Everything in the data below is left aside except the lines from the one containing "tv-bord 68x39x50,5 cm koldvalset stål hvid" through the one containing "Yellow high waisted flared jeans"; repeat those exactly.

[Opening Provided records section]

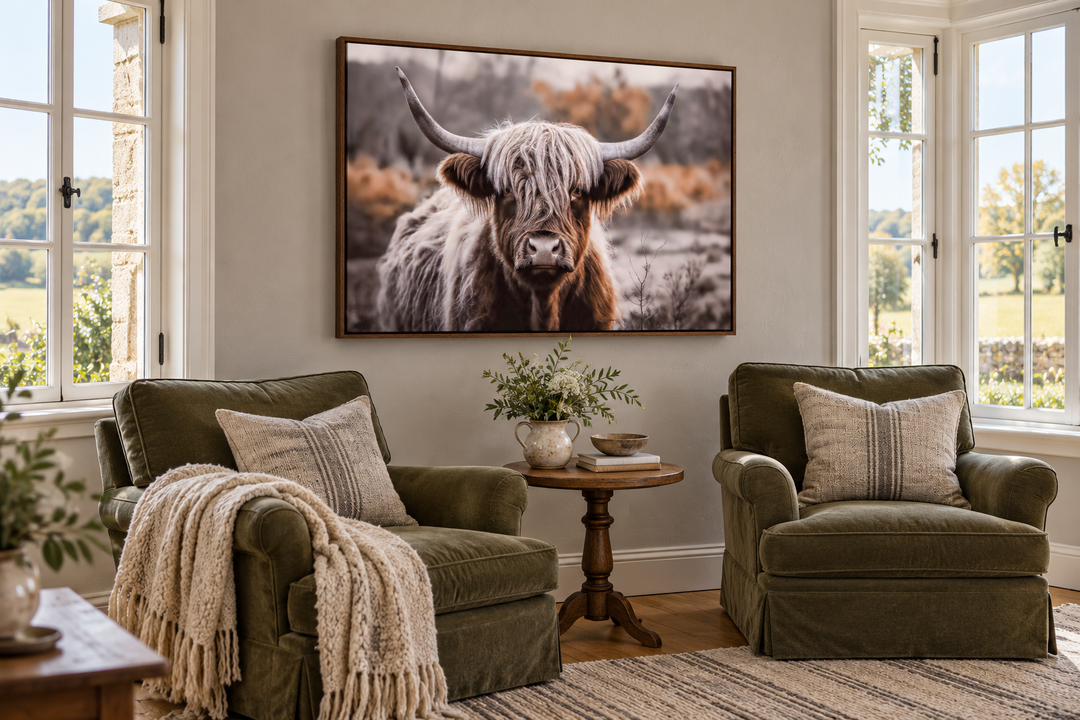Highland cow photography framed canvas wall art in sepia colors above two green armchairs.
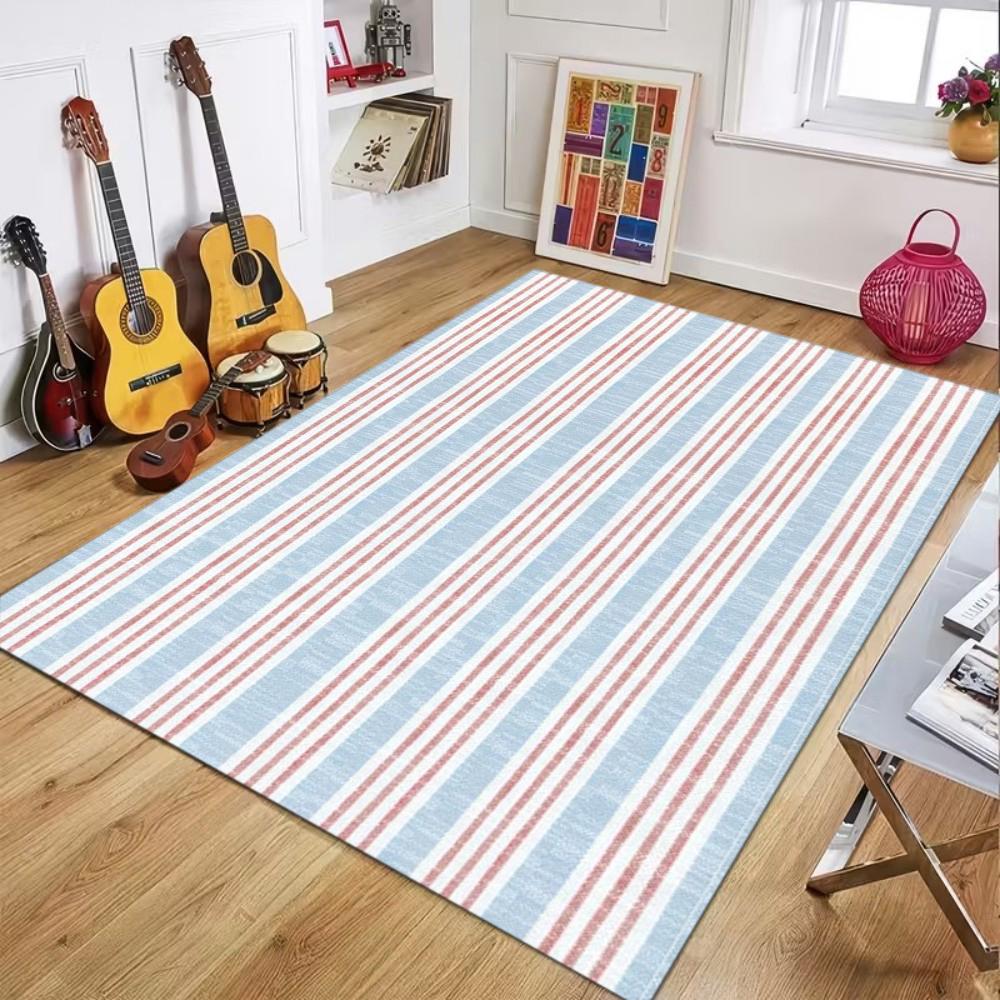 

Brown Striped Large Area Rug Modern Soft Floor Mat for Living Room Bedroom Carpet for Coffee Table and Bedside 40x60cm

[Closing Provided records section]
[Opening Provided records section]

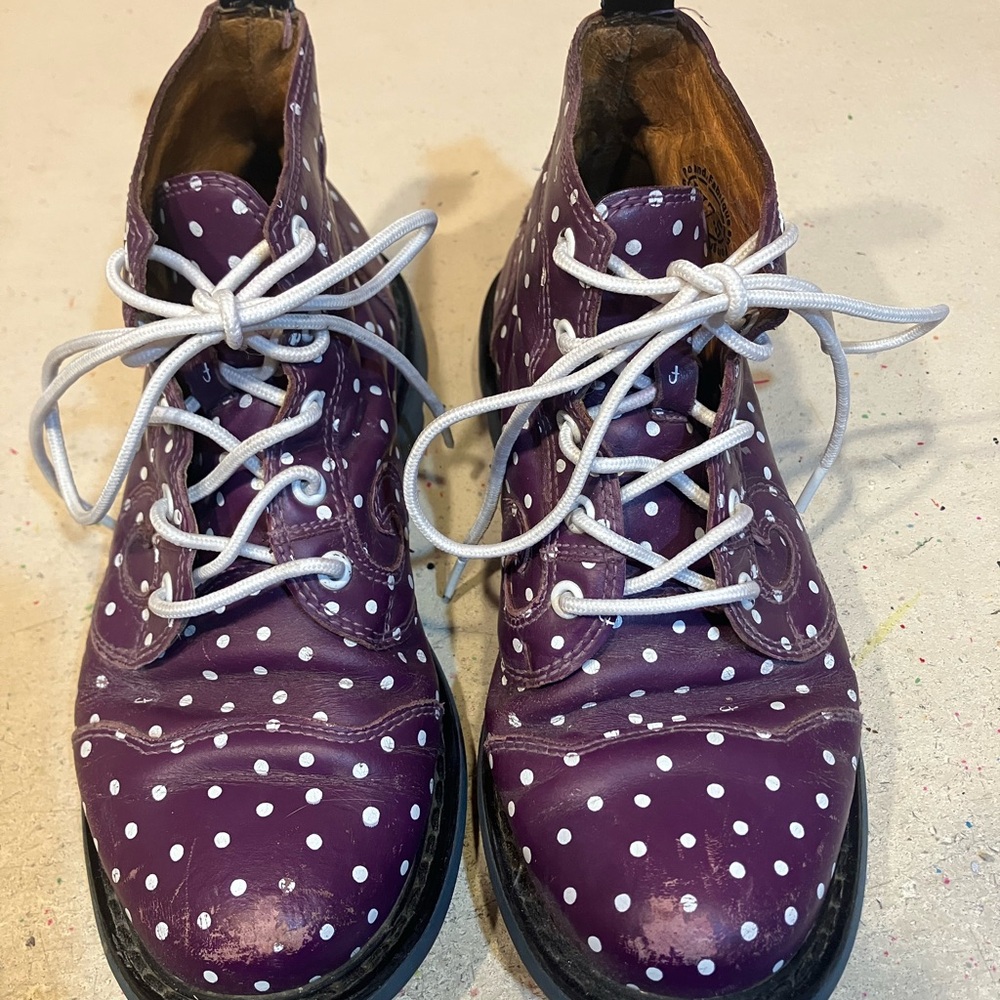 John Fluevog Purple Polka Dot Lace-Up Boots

[Closing Provided records section]
[Opening Provided records section]

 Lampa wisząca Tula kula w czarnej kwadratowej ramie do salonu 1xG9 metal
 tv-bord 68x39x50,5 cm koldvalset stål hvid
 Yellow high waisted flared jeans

[Closing Provided records section]

§ Written answer
 tv-bord 68x39x50,5 cm koldvalset stål hvid
 Yellow high waisted flared jeans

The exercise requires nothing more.